Assume your domain is the integers from 1 through 45. Your task is to create groups of 5 numbers at a time, such that all groups of 3 (unordered) numbers are represented within some group of five.
One group of 5 numbers is chosen without replacement from the 45 possibles. The next group of 5 is also chosen without replacement from the full 45 numbers. So there are no duplicate numbers WITHIN one group of 5, but duplicates are allowed in different groups of 5.
For example, let’s take the group of 5 numbers: 1, 2, 3, 4, 5.
This group of 5 contains the following groups of 3 numbers:
1 2 3; 1 2 4; 1 2 5; 1 3 4; 1 3 5; 1 4 5
2 3 4; 2 3 5; 2 4 5; 3 4 5;
The number of groups of 3 within a group of 5 is “5 choose 3”, or (5!) / ((3!) * (2!)) = 10
So my questions are:
What is the minimum number of groups of 5 needed to encompass all possible groups of 3 numbers from the numbers 1 - 45? And how is this number calculated?
How do you then generate all these groups of 5 numbers? What algorithm do you use?
How do you generalize this result to, say, all groups of 2 or 4 numbers?
Thanks,
J.
p.s., no, this isn’t a homework problem. It’s just something I’m trying to figure out for myself. And unfortunately, my statistics knowledge has been lost in long term storage.

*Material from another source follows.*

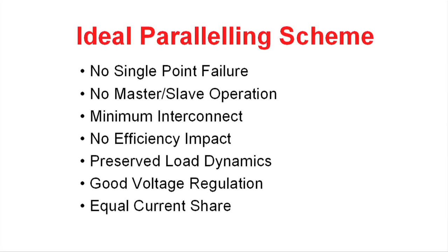You would have no impact on the efficiency of parallel power supplies, and you would preserve the load dynamics of a single power supply. Finally, you would like to have good voltage regulation and equal current share between all the power supplies.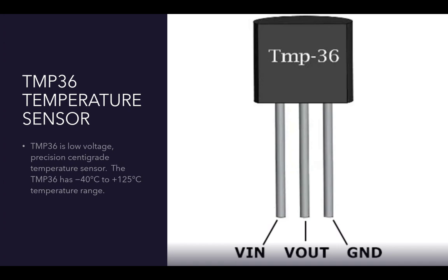The TMP36 temperature sensor is a low-voltage precision centigrade temperature sensor. It provides a voltage output that is linearly proportional to the Celsius temperature. The TMP36 doesn't require external calibration to provide typical accuracies of plus or minus 1 degree Celsius at 25°C, and plus or minus 2 degrees Celsius over the minus 40 to plus 125 degree Celsius range. As you can see, it has three pins: one is input, one is output, and the last one is ground.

Start by generating the appropriate De Bruijn sequence. Construct groups of five by taking the first through fifth elements, the second through sixth elements, etc. until you’ve exhausted the sequence. I’m not claiming that this is the minimal set of groups of five elements, but it should work.
I don’t think I understand your setup. You say you choose the groups of 5 “without replacement” from the total 45, yet every possible group of 3 should be contained within one of these groups of 5? How could that possibly work? Surely, some of these groups of 5 will have to overlap, no?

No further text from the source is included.